Comments on April XQuery drafts (long, sorry)

This is a set of comments on the suite of XQuery-related Working Drafts.
It is based on perusal of the drafts dated April 30, 2002 (Formal
Semantics is March 26, Requirements of Feb 15 2001).  I paid particular
attention to the XML Query and Use-Cases specifications. I've given my
comments numbers in case somebody wants to call any of them out.

I apologize in advance for using the contraction "XQuery" throughout.
Also I use "XSD" to denote W3C XML Schemas.

TB 1. Maximalism

The family of XML Query specification makes no visible effort to hit an
80/20 point.  It is trying very hard to stake out COMPLETE solution in
the XML query space, which is rather courageous given the profound lack
of industry experience.

The immense amount of work that has gone into this specification would
have a much higher chance of a positive impact on the world if the
features and functions provided in XQuery were reduced by a huge factor,
cutting back at least to XPath 1.0's level of semantic richness.
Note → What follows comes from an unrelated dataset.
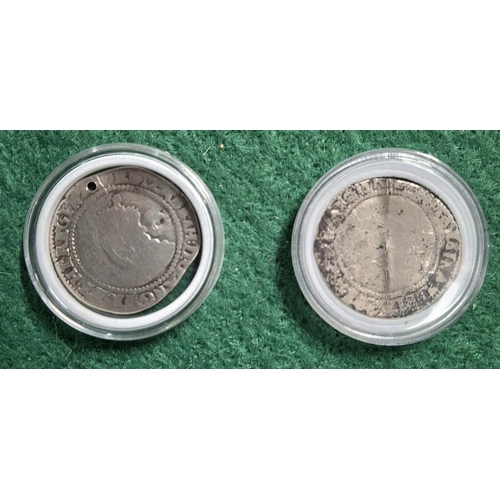 234 - Two, Queen Elizabeth I 157? silver shillings both in plastic casings, a/f (2)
Furthermore, this specification's size and complexity make it inevitable
that its arrival will be delayed by amounts of time that seem
unreasonable to those on the outside looking in.  This will cause
problems because vendors who need this functionality will release
software based on unstable drafts, creating a combination of conversion
and interoperability problems down the road.

The size and complexity also ensure that when XQuery 1.0 finally
arrives, it will be well-populated with bugs, some of which will be
highly injurious to interoperability.

Furthermore, the immense size of the XQuery language as specified here
will make implementations difficult and time-consuming.  This will lead
to consideration of conformance levels.  Industry experience with
leveled conformance, specifically in the case of SQL, has been very bad;
leveled conformance leads inevitably to interoperability problems.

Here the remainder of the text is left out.